ただ,どうやら Windows 11 で変更されてしまったらしい。知っていれば便利に使える機能なのに,なぜ変えるかなぁ。まぁ,Windows なんて筆者はほとんど使わないからどーでもいいけど。そもそも,そうやってコロコロ動作を変えるから,Windows を使う気がなくなったのだが。
Android の場合,Screenshots フォルダに自動的に名前が付けられて保存される。あとで「Files」などのアプリで「画像」としてまとめられているフォルダ内を探すと見つかる。
なお,Android の場合は,上からスワイプして出る簡易設定画面や,電源ボタンの長押しなどで出るメニュー内に「スクショ」の項目がある場合がある。また,筆者のスマホでは「3指タップ」でスクショを撮る設定もできる(使っていないけど)。
Linux 辺りはデスクトップ環境によって異なる可能性がある。筆者が現在メインで使っている LXDE というデスクトップ環境では,このキーによるスクショ機能はなく,「スクショ用アプリ」を起動する必要がある。そのアプリには撮った画像をファイルとして保存する機能があり,この場合,見ていた画面を保存するためのワープロや画像編集ソフトなどは不要になる。

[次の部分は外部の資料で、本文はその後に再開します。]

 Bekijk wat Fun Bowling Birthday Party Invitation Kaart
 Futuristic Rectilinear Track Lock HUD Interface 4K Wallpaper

Mac 系はよく知らない。だいたい,Mac 仕様のキーボードにこのキーはなかったと思う。ただ,スクショを撮るには [Shift]+[⌘]+[3] の操作で,アクティブ窓のみの場合は [Shift]+[⌘]+[4]+[SPACE] のキー操作で機能するらしい([⌘] は「コマンドキー」と呼ばれるキー)。